Support Vector Machines assumes that the data is linearly separable. So, what happens when the data isn’t linearly separable in its current state? This is where kernels come in. Kernels are functions that transform data into a different dimensional space where it may become linearly separable. For a function to be considered a kernel, it needs to produce a dot product. This is because the kernel function replaces the x_ix_j in the dual equation. Since the result of x_ix_j is a dot product, the kernel function has a to take in two data vectors and output a dot product. It is important to note that the kernel doesn’t actually transform the data.
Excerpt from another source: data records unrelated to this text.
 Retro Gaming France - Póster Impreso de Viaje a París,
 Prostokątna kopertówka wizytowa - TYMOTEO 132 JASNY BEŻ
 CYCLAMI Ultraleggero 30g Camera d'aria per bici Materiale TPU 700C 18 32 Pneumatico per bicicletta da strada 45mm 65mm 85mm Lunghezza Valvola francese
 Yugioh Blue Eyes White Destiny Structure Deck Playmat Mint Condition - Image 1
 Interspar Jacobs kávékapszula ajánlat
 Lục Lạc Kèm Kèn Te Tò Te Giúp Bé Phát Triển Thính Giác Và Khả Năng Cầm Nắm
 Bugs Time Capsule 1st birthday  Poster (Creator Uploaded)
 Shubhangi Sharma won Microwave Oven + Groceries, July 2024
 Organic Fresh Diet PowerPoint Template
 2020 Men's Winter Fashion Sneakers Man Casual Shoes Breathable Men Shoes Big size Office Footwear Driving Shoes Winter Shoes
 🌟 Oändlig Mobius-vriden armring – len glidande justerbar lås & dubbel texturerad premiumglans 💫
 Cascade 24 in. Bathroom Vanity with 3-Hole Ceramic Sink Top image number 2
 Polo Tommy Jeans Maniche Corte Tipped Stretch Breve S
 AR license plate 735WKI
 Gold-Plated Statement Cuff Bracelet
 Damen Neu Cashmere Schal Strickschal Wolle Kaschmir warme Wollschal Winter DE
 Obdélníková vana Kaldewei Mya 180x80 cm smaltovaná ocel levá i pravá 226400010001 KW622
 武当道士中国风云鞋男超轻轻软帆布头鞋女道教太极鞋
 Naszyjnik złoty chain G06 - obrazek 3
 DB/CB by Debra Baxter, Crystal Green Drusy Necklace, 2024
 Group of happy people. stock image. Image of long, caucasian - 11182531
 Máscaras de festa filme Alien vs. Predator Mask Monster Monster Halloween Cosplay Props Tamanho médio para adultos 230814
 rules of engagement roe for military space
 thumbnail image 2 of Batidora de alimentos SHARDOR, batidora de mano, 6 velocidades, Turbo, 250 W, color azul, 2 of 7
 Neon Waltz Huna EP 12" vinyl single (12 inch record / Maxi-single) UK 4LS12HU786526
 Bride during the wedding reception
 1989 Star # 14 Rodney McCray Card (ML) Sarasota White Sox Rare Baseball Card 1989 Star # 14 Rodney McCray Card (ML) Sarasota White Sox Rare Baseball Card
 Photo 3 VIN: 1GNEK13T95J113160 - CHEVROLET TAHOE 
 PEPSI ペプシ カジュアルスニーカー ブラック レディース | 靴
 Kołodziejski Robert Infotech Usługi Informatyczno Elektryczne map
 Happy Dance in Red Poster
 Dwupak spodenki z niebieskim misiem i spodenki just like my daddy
It instead just returns the dot product of two data vectors if they were to be transformed.

Some of the most common types of kernels are:

• Linear: ab
  • a is a vector, b is a vector
• RBF (Gaussian): exp(-gamma*(a-b)^2)
  • a is a vector, b is a vector, gamma is 1/(2sigma^2)
• Sigmoid: tanh((gamma*ab) + r)
  • a is a vector, b is a vector, r is the coefficient, gamma determines curvature
• Polynomial: (ab + r)^d
  • d is the degree, a is a vector, b is a vector, r is the coefficient
  • Need to specify a degree of the polynomial or it will default to 3 in sklearn
  • The degree also doesn’t correlate exactly to the dimensional space (this is due to how vector math works out to return a dot product)
  • For, example when d is 2, data is transformed into 3D space

Here is an example of casting two 2D points where a=(2,1) and b=(3,4) into a new dimensional space, using a polynomial kernel with r=1 and d=2.

• From the kernel function, plugging in 1 for r and 2 for d and then expanding: (ab + 1)^2
  • (ab + 1)^2 = a1^2b1^2 + 2a1a2b1b2 + a2^2b2^2 + a1b1 + a2b2 + 1
• The dot product is then
  • [a1^2, sqrt(2)a1a2, a2^2, a1, a2, 1] dot [b1^2, sqrt(2)b1b2, b2^2, b1, b2, 1]
• Then plugging in the values from the points a and b
  • [4, sqrt(2)(2), 1, 2, 1, 1] dot [9, sqrt(2)(12), 16, 3, 4, 1]
• The resulting dot product between a and b that the kernel outputs is then
  • [(4)(9) + sqrt(2)(2)sqrt(2)(12) + (1)(16) + (2)(3) + (1)(4) + (1)(1)] = [36 + 48 + 16 + 6 + 4 + 1] = 111

Here is a visual example of why kernels are useful. They can solve the XOR problem.

• The transformation being used here is actually the polynomial kernel with r=0 and d = 2.
• The points are originally not linearly separable (left plot). However, when the transformation is applied and the resulting dot product obtained, the points are now linearly separable in a different dimensional space (right plot).